Le préfet devait alors soumettre pour accord le projet de périmètre à l’organe délibérant de l’EPCI d’accueil et, pour avis, à la commission départementale de coopération intercommunale. En cas de désaccord de l’organe délibérant de l’établissement public, le préfet pouvait alors rattacher la commune conformément à son projet, sauf si la commission départementale se prononçait, à la majorité des deux tiers de ses membres, en faveur d’un autre projet de rattachement à un établissement public de coopération intercommunale à fiscalité propre limitrophe de la commune concernée. Dans cette hypothèse, le préfet de département pouvait mettre en œuvre le projet de rattachement proposé par la commission.

Ainsi, depuis le 1er juin 2013, date d’entrée en vigueur du dispositif, les communes isolées ou en discontinuité territoriale, pouvaient être incluses, par simple arrêté préfectoral, au sein d’un EPCI à fiscalité propre.

Le Conseil constitutionnel, saisi d’une question prioritaire de constitutionnalité, a déclaré non conforme à la Constitution ce dispositif d’inclusion d’une commune contre son gré.

2. Un dispositif inconstitutionnel

Le Conseil Constitutionnel devait trancher la question de la conformité de l’article L. 5210-1-2 du Code général des collectivités territoriales, à l’article 72 de la Constitution, selon lequel « dans les conditions prévues par la loi, ces collectivités s’administrent librement par des conseils élus ». Le Conseil constitutionnel a d’abord rappelé que l’article L. 5210-1-2 poursuit un objectif de rationalisation des périmètres des établissements publics de coopération intercommunale.

Rappelant l’objectif, poursuivi par le législateur, d’achever et de rationaliser la carte de l’intercommunalité sous l’égide de l’autorité préfectorale, le Conseil constitutionnel a estimé que le législateur avait, toutefois, omis d’offrir des garanties procédurales de nature à préserver le principe de libre administration des communes.
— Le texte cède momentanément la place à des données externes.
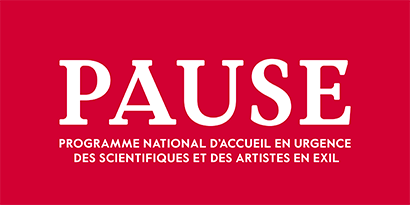 [Collège de France – INSMI-CNRS ] PAUSE – Solidarité Ukraine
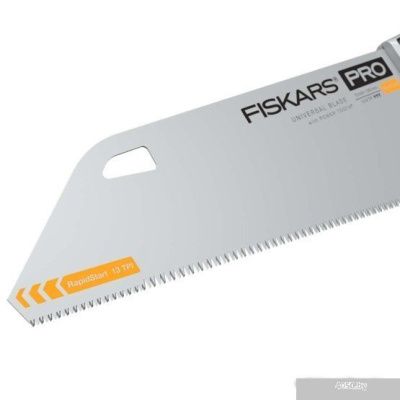 Fiskars Pro PowerTooth 1062930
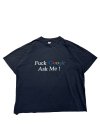 Fuck Google Ask me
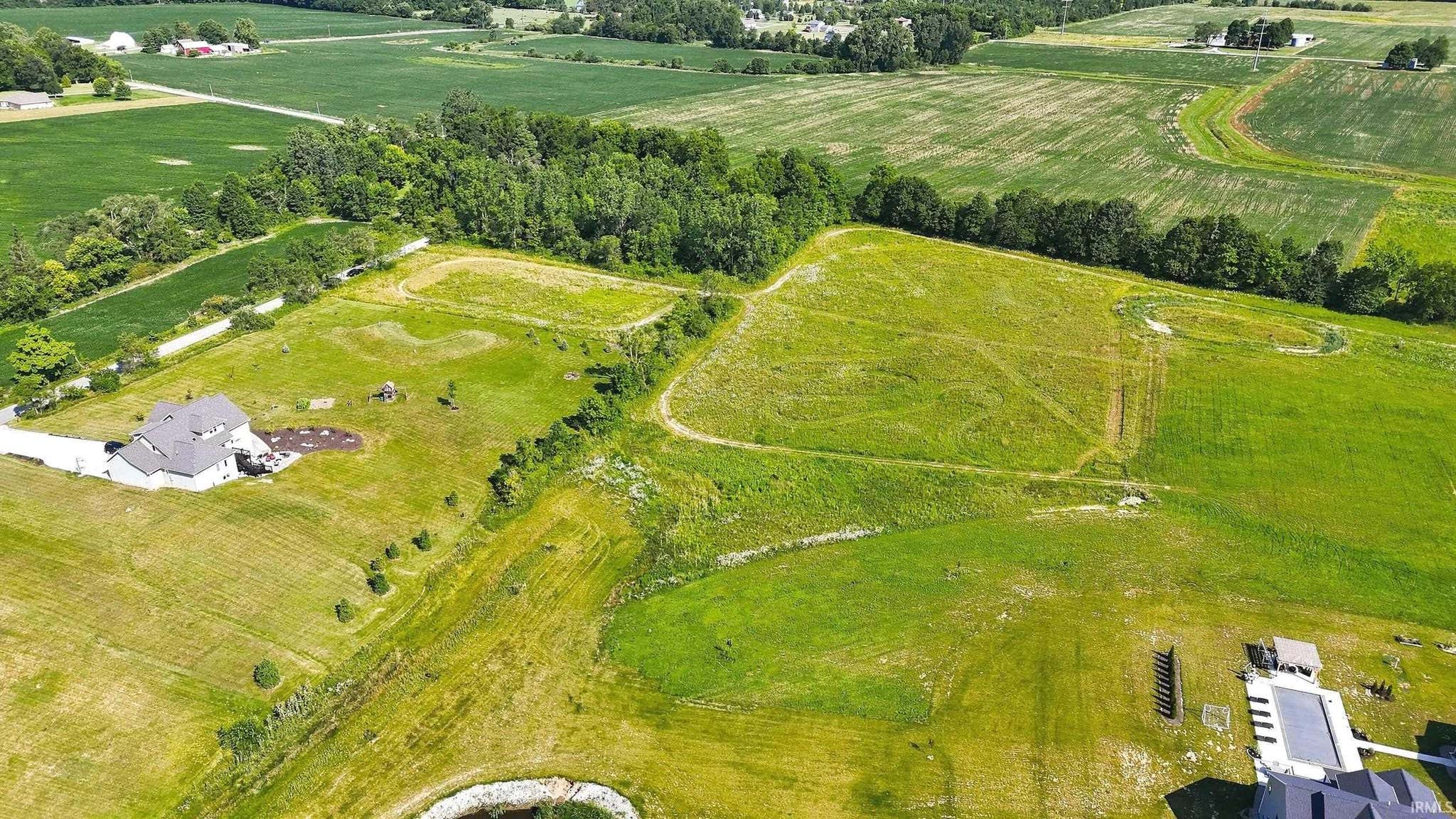 Image of TBD Greenwell Road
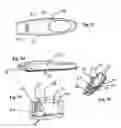 Fig. 05 - Sharps container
En effet, le dispositif ne prévoyait pas la consultation, pour accord ou avis, de la commune susceptible d’être intégrée d’office dans l’EPCI. Cette omission est inédite, puisqu’en cas de création, de fusion, de transformation ou de modification d’un périmètre d’un établissement public de coopération intercommunale, la ou les communes concernées sont consultées.

Le juge constitutionnel censure l’absence de consultation des conseils municipaux des communes intéressées par le rattachement, estimant l’atteinte à la libre administration des communes garantie par l’article 72 de la Constitution, manifestement disproportionnée.

3. Les apports de la décision

La déclaration d’inconstitutionnalité de l’article L. 5210-1-2 prend effet à compter de la date de publication de la décision du Conseil constitutionnel, soit depuis le 27 avril 2014. Cette déclaration d’inconstitutionnalité est applicable aux affaires nouvelles, ainsi qu’aux affaires non jugées définitivement à cette date de publication.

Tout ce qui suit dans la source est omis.